Oriol Vinyals, PhD Student, UC Berkeley, Microsoft Research Fellow: Building the Overmind: AI and Cloud Computing
Oriol is looking at artificial intelligence, Starcraft and the Cloud. Starcraft, according to Oriol, is a strategy game. To win, you need to gather resources, produce units and attack your opponent. Starcraft, apparently, is a good AI problem to solve.
Challenges: long horizon, concurrent, partially observable (don’t see the complete board), and real-time.
Connections to cloud computing: resources, tasks, opponents & weapons (users & servers).
Oriol shows videos of swarms and defenders responding, you can see parallels to cloud computing and effective management of resources.
Marvin Wheeler, Chief Strategy Officer, Terremark, on the Open Data center Alliance. From the website:
“The Open Data Center Alliance is an independent consortium comprised of leading global IT managers in a wide range of vertical segments, who have come together to provide a unified vision for long-term data center requirements.
In support of its mission, the Alliance is developing and delivering an Open Data Center Usage Model Roadmap, which defines Usage Model requirements to resolve key IT challenges and fulfill cloud infrastructure needs into the future. This vendor-agnostic roadmap serves as the foundation for member planning of future data center deployments, and relies on open, interoperable, industry-standard solutions.”
Marty Kagan, President and Co-Founder, Cedexis on Cloud Performance Data
Cloud Bakeoff: Amazon EC2, Google App Engine, Joyent, Rackspace and Windows Azure. Bitcurrent is publishing a study. EC2 East wins for HTTP request, but need to factor in request origin for best performance.
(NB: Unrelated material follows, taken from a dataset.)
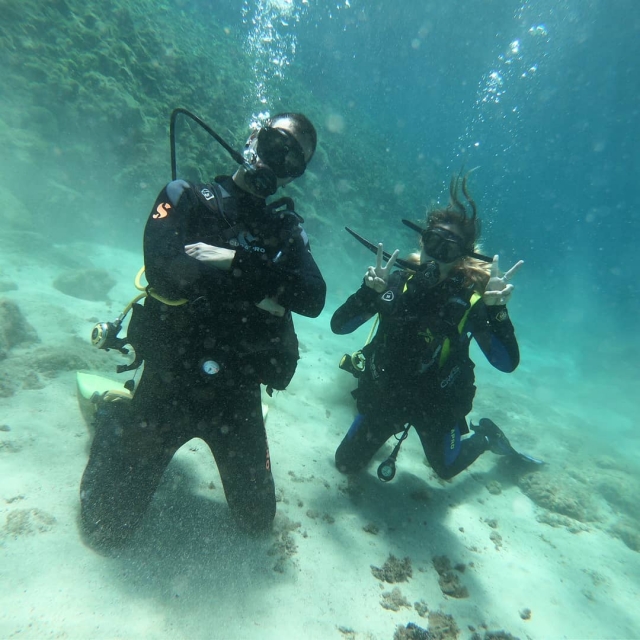  Next to the diving instructor on the seabed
Neal Sample, Vice President, Architecture, Technology Product Management, Developer Program, eBay
Neal waled through models and curves on cloud bursting. eBay has moved from 2000 servers down to 800 servers, with excess requests bursting to the public cloud. By reducing infrastructure costs, eBay has been able to redirect that investment into business intelligence, providing additional value to the business.